* What to produce:
Every line below must be copied as written, except for pictures.

* Dataset content:
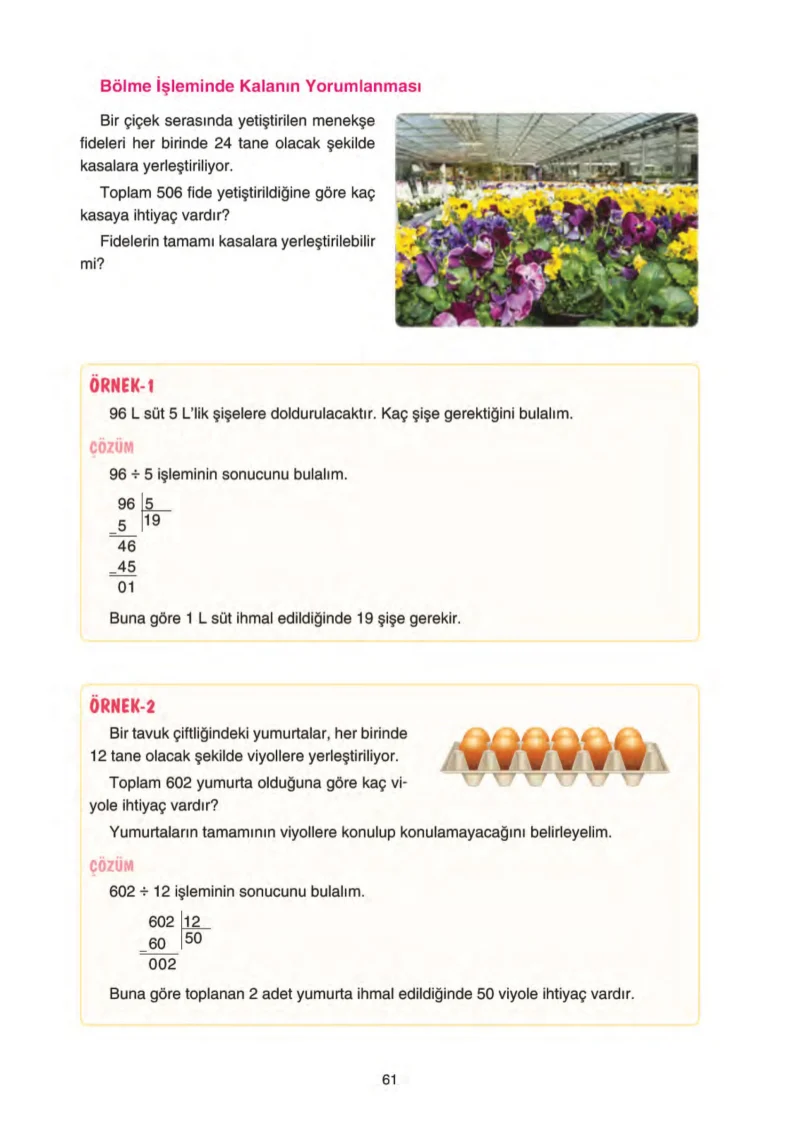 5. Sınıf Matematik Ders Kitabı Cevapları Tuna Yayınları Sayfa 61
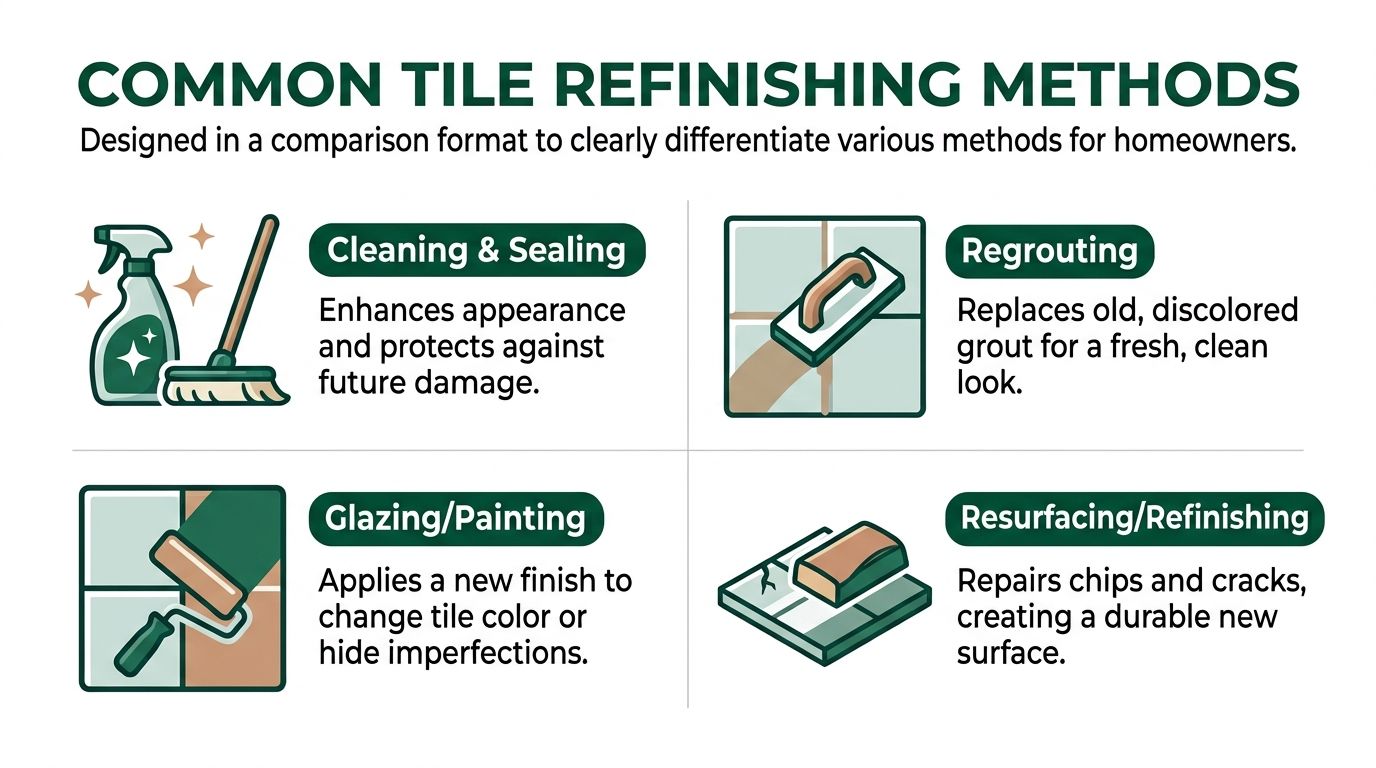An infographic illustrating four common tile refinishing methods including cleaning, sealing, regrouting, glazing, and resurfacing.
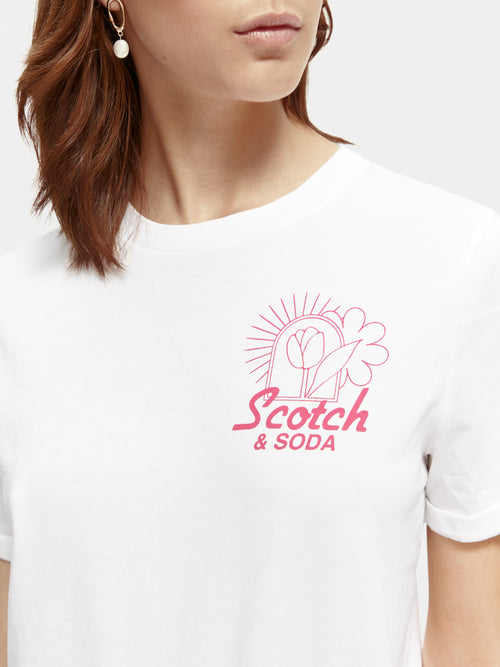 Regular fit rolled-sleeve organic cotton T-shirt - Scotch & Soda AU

* Result for this exercise:
 5. Sınıf Matematik Ders Kitabı Cevapları Tuna Yayınları Sayfa 61
An infographic illustrating four common tile refinishing methods including cleaning, sealing, regrouting, glazing, and resurfacing.
 Regular fit rolled-sleeve organic cotton T-shirt - Scotch & Soda AU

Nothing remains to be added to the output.